10. In paragraphs 59 to 62 the First-tier Tribunal judge considered the appellant’s Article 3 and Article 8 ECHR claims. He found that the Article 3 medical claim was not made out and, giving brief reasons, found in paragraph 62 that the Article 8 ECHR claim should be dismissed.
Discussion
11. The parties were in agreement before me that all grounds were arguable where the decision granting permission to appeal dated 28 May 2021 did not, either in the body of the decision or in the formal notification of permission being granted, indicate that permission was granted on limited grounds; Safi and Others (permission to appeal decisions) [2018] UKUT 00388 (IAC) applied.
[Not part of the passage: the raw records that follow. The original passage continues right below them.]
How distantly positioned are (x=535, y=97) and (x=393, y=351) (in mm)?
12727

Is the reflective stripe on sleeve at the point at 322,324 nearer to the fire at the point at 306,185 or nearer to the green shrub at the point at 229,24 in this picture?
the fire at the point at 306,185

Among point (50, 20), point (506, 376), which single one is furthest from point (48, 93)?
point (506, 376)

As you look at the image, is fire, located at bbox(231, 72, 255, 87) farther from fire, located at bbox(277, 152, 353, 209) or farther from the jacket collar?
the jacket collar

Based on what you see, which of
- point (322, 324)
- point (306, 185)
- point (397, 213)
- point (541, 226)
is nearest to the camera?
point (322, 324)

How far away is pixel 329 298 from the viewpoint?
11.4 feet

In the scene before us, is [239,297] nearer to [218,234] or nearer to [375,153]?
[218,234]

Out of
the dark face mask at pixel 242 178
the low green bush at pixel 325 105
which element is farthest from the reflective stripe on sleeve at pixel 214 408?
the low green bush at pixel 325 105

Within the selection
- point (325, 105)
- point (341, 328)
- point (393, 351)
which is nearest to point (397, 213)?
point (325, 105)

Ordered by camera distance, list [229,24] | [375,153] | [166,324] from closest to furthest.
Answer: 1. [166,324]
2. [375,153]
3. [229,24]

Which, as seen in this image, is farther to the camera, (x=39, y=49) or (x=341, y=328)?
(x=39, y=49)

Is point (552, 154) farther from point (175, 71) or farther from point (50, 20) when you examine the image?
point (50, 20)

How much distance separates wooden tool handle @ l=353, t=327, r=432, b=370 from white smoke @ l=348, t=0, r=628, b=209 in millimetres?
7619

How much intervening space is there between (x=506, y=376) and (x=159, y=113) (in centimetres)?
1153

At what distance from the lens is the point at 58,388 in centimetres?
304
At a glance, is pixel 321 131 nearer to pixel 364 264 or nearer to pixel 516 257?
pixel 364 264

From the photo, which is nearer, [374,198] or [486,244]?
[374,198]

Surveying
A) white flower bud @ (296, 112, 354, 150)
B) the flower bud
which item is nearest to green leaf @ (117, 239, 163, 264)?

12. Ms Cunha also helpfully indicated at the outset of the hearing that the respondent accepted that the First-tier Tribunal materially erred in the Article 8 ECHR appeal in failing to consider the evidence concerning the developmental difficulties of the appellant’s child. She also conceded a material error in the decision on the Article 3 ECHR medical claim as the evidence concerning the appellant’s diagnosis of PTSD had not been correctly assessed in that regard, even if it had not been found to support the asylum claim. Ms Cunha accepted that these parts of the decision should be set aside to be remade afresh.
13. The respondent defended the remaining grounds which challenged the credibility findings set out above. The appellant’s strongest challenge was brought against the findings of the First-tier Tribunal on the court documents relied upon by the appellant, in particular the weight placed on the respondent’s DVRs. I found that there was merit in this ground. The judge placed weight on the respondent having conducted two checks on the court records; see paragraph 55. There is no indication, however, of why the judge considered that the first DVR which appeared to show that the wrong court file had been checked should carry any weight. Further, the assessment in paragraphs 51 to 56 does not indicate whether the verification reports from Mr Rathwatte and Mr Paranamana were taken into account or why they carried no weight. Also, the judge does not indicate what he made of the second DVR where it did not state merely that the appellant’s documents were not those in the court file consulted but that there were “no records for “Court number 01”, which was, at the least, ambiguous and accompanied by an absence of detail as to how the checks were made. Where these potentially material aspects of the evidence on the DVRs and court documents are not addressed in the reasoning, it was my judgment that the conclusion that weight attracted to the DVRs was not sustainable.
14. As this error concerned evidence that had the potential to be determinative of the protection claim and formed part of the holistic credibility assessment, I concluded that the credibility findings on the protection claim would also have to be set aside to be remade afresh.
15. Where that was so it was not necessary to address the other challenges to the credibility findings.
16. All material parts of the decision are set aside and must be remade de novo. It is therefore appropriate for the remaking to take place in the First-tier Tribunal.

Decision
The decision of the First-tier Tribunal discloses an error on a point of law and is set aside to be remade.
The remaking will take place in the First-tier Tribunal.